Though Bayern's current home shirt is notably white this season, the protest was not aimed at the home kit but rather the black and purple away shirt which was worn at the Allianz Arena as Die Roten played host to their Turkish visitors. Harry Kane's brace would ultimately seal a 2-1 victory on the night, but the banner has stuck with me ever since. Are Bayern fans being a bit too precious, or is there merit in their frustrations.
"Paragraph 1" campaign
Many of you will remember the much-talked-about "Paragraph 1" campaign from Bayern Munich fans in 2018. The protest (which featured an almost identical banner to this month’s protest), named in reference to the official statute of the club which states that the official club colours are red and white, saw fans push back against a number of kit related moves which Bayern had made at the time including the use of blue shorts as part of the home kit and the introduction of unorthodox colours for the away (mint) and third (purple) kits. After some jostling from both sides, there was reportedly a tentative agreement that Bayern would both refrain from the use of blue on their home kits and also wear their home shirts at all home games moving forward.

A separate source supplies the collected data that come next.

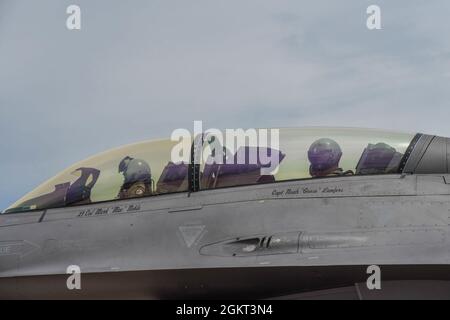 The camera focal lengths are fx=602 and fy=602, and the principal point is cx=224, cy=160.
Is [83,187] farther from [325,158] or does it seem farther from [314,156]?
[325,158]

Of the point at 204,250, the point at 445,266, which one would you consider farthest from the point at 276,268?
the point at 445,266

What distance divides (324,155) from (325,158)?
43mm

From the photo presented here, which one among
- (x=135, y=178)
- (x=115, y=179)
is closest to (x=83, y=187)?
(x=115, y=179)

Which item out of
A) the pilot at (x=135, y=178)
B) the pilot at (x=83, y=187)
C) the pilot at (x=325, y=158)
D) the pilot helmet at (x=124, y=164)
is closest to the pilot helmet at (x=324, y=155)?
the pilot at (x=325, y=158)

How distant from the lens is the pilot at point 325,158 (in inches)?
273

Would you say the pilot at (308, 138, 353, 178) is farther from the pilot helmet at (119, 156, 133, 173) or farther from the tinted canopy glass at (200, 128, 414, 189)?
the pilot helmet at (119, 156, 133, 173)

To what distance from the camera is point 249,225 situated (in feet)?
22.2

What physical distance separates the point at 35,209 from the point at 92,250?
1343 millimetres

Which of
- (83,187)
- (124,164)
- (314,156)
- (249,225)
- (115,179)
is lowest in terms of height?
(249,225)

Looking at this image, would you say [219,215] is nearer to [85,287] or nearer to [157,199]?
[157,199]

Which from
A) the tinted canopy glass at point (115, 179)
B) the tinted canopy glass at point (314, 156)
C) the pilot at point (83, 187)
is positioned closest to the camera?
the tinted canopy glass at point (314, 156)

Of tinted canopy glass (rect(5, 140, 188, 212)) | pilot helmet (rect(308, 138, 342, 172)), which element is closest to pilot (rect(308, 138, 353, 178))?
pilot helmet (rect(308, 138, 342, 172))

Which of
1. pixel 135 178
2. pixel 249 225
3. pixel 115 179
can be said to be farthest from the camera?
pixel 115 179

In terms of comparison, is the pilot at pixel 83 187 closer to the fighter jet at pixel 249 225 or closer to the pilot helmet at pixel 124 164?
the fighter jet at pixel 249 225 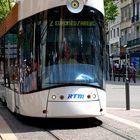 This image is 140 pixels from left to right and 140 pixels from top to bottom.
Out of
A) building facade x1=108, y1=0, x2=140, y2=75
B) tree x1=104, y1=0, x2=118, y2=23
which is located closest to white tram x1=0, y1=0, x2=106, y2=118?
tree x1=104, y1=0, x2=118, y2=23

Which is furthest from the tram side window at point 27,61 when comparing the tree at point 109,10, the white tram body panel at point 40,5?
the tree at point 109,10

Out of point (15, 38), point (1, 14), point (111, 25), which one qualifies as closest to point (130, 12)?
point (111, 25)

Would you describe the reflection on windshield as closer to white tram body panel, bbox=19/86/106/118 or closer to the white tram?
the white tram

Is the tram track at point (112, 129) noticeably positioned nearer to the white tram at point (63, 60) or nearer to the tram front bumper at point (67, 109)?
the white tram at point (63, 60)

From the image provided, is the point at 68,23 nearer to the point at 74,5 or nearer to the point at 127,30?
the point at 74,5

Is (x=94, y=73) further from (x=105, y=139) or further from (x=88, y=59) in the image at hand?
(x=105, y=139)

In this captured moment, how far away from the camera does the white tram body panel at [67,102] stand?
41.5 feet

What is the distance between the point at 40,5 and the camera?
13.2 meters

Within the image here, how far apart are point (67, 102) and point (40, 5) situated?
8.46 feet

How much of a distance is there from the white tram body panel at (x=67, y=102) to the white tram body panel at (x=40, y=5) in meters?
2.10

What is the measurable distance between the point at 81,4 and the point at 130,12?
2545 inches

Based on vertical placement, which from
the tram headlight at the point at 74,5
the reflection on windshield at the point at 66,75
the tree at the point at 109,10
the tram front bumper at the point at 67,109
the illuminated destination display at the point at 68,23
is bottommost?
the tram front bumper at the point at 67,109

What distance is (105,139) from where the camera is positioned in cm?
1109

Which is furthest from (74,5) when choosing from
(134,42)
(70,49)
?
(134,42)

Fast forward to 2023 and it appears that any agreement has been broken. Now, the particular wrinkle in this latest development is that there is every possibility the use of the black away kit was a stipulation from UEFA due to the fact that both of Galatasaray's home and away shirts could seemingly be deemed as a clash with Bayern's home (Galatasaray have no designated third shirt this season). One pushback to this suggestion would be that the Bayern home is white enough and therefore enough of a contrast to be worn alongside the half and half Galatasaray colours, but the fans were upset regardless.
2019 PSG shirt protest
My mind is cast back to 2019, which featured a notable kit clash also in the Champions League. As PSG hosted Real Madrid for a heavyweight battle, they donned their white away kit. Emphasising the unusual choice was the fact their usually all-white opponents trotted out onto the pitch in their navy blue away. This alternate reality where each team effectively swapped traditional home colours was undoubtedly motivated by finances, but it was interesting to note that PSG fans didn't protest the move at the time.
Still, like Bayern fans PSG supporters are no strangers to kit-related protests of their own having spoken out against the club's 2021 home which abandoned the traditional central stripe or Hechter in favour of a more subliminal approach. These complaints from fanbases and others since have crystallised at least 2 unwritten rules in my mind which brands are having to deal with when it comes to home kits.

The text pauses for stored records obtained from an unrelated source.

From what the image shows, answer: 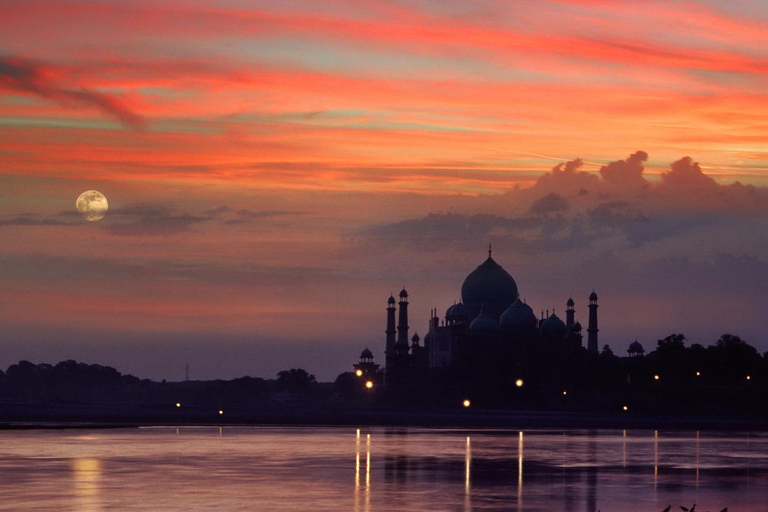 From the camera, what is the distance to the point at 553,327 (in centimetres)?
18362

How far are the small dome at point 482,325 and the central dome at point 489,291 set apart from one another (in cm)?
841

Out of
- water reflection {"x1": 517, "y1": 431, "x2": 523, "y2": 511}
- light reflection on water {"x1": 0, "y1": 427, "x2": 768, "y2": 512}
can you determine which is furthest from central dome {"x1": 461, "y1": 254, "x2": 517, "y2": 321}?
water reflection {"x1": 517, "y1": 431, "x2": 523, "y2": 511}

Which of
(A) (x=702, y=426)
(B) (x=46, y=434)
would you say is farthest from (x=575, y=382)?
(B) (x=46, y=434)

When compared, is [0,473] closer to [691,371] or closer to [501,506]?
[501,506]

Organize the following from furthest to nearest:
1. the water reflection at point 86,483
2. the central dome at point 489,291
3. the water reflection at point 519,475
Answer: the central dome at point 489,291 → the water reflection at point 519,475 → the water reflection at point 86,483

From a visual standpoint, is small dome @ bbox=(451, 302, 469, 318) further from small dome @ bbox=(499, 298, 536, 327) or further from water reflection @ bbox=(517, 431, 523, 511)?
water reflection @ bbox=(517, 431, 523, 511)

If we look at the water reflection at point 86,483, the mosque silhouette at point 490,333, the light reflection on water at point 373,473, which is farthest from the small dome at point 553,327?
the water reflection at point 86,483

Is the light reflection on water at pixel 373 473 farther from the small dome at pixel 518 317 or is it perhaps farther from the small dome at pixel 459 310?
the small dome at pixel 459 310

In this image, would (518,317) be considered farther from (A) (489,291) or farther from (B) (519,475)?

Number 1: don't mess with the colours of your home kit. Though it seems obvious, the constant churn of new designs every year and the desire to cut through the noise has contributed to an increasingly loose approach to this tradition. Much could be said about the benefits of actually breaking this rule deliberately, at least on occasion, but anyone who would dare cross the line is inviting the ire of millions.
Number 2: don't wear an away shirt at home. The practice of wearing a home kit when at all possible, and home teams forcing visitors to switch kits in event of a clash, has long been abandoned as a general rule, but the fresh protest from Bayern fans has reignited the debate.

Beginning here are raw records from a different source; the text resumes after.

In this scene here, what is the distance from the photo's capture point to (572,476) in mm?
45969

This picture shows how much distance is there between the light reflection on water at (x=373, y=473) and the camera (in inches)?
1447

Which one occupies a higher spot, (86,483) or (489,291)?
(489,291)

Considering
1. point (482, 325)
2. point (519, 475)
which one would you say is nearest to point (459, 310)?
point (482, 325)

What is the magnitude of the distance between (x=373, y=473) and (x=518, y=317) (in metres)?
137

On a personal note I see more merit to this particular 'rule' than the previous one, if nothing else because it puts the onus on brands to be creative with their away and third kits so that we don't end up in situations like the one with Bayern and Galatasaray, but ultimately this is another pitfall to avoid for any manufacturer.
If UEFA had forced Bayern to wear their away shirt then the solution is simple to me. The federation needs to relax their rules and give clubs more authority when it comes to choosing what kits they wear. This approach gives freedom to clubs and brands who want to push boundaries (with good or bad intentions), whilst allowing more traditional clubs to stay true to their history. UEFA are clearly more picky in this area (just look at how CONMEBOL approached the recent Argentina Uruguay match!), and the only good counter I can think of to this suggestion would be on accessibility grounds.
If Bayern simply chose to wear their away kit at home then they will have to deal with the consequences. Given the amount of shirt-related upheaval there has been for fans, from the rising price of kits to the sheer amount of new releases to the growing influence of forces outside the sporting world and the proliferation of gambling sponsors, amongst other things, we shouldn't be surprised to see a least a little bit of frustration bubbling over...
As Head of Content, Phil is the creative playmaker of the team, covering every angle of football shirt news in our blogs and weekly Newsletter. Whether it's telling your fakes from your authentics, or deep dives into the newest football shirts designs, Phil will have all your football shirt content needs covered.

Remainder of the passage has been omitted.